• _Task to complete_:
Could every line below be transcribed exactly, with the pictures dropped?

• _Provided material_:
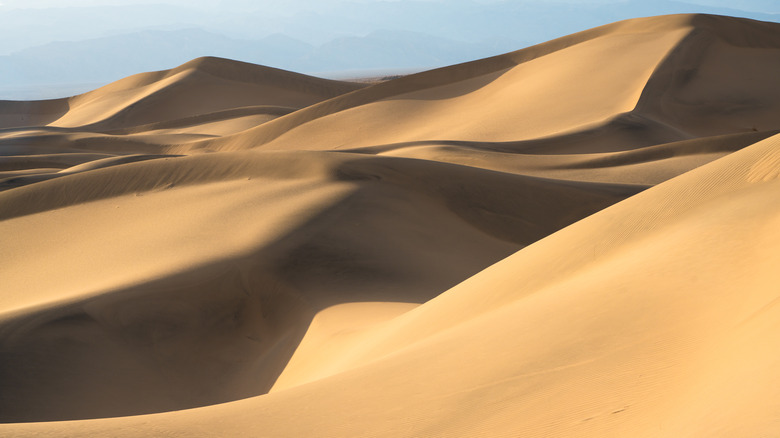 Sand dunes in Death Valley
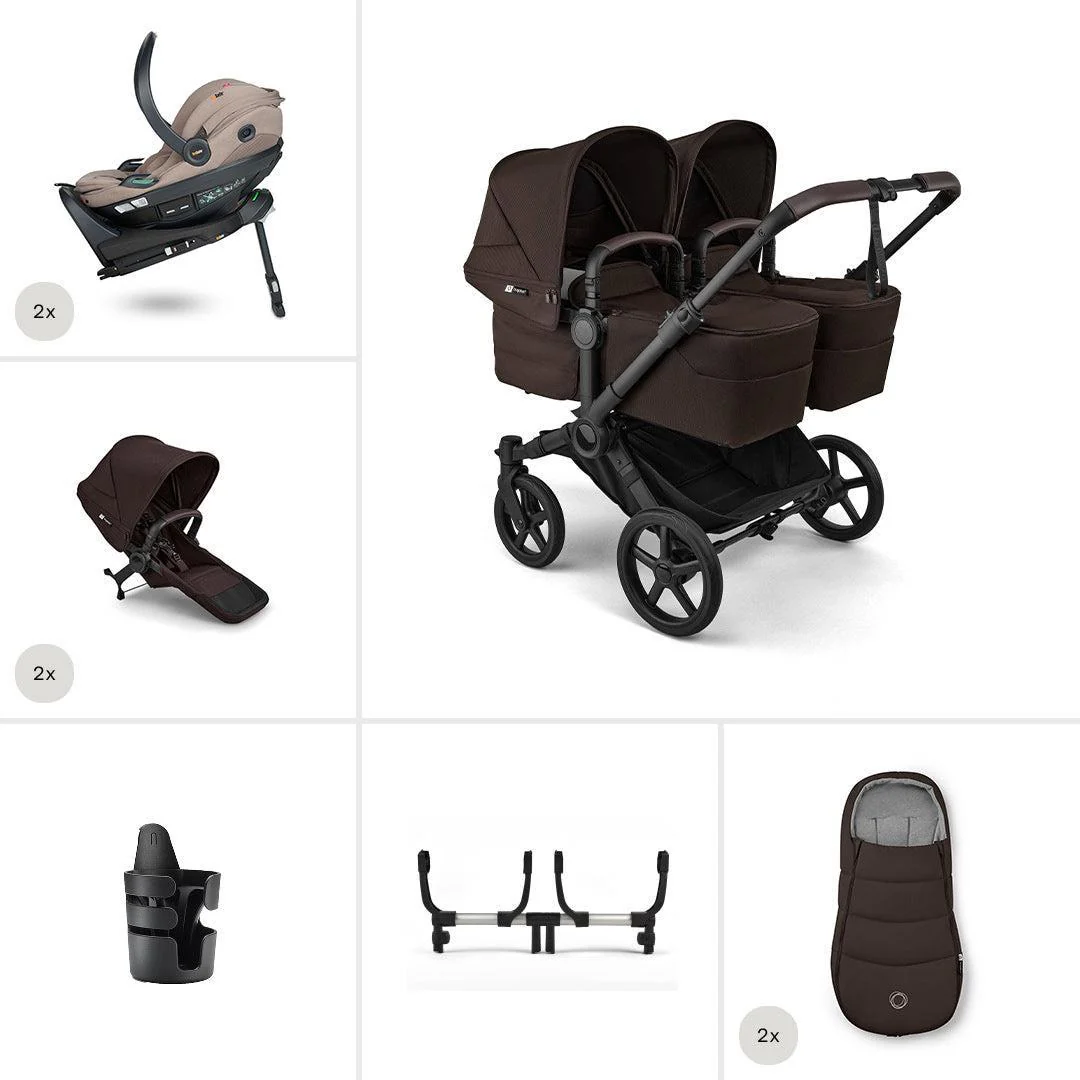 Bugaboo Donkey 6 Twin Ultimate Go Beyond 2 Newborn Bundle - Image 3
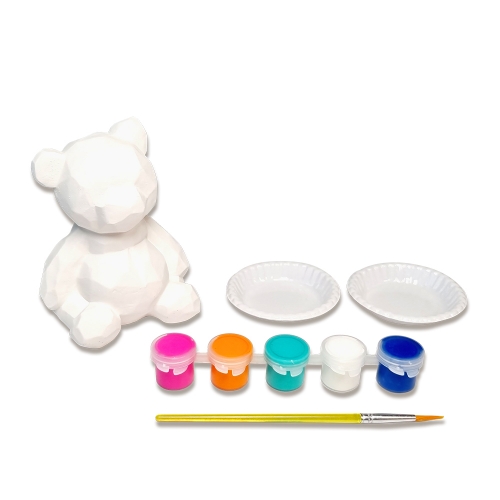 아티바바 칼라링석고 3D인형 곰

• _Result of this task_:
 Sand dunes in Death Valley
 Bugaboo Donkey 6 Twin Ultimate Go Beyond 2 Newborn Bundle - Image 3
 아티바바 칼라링석고 3D인형 곰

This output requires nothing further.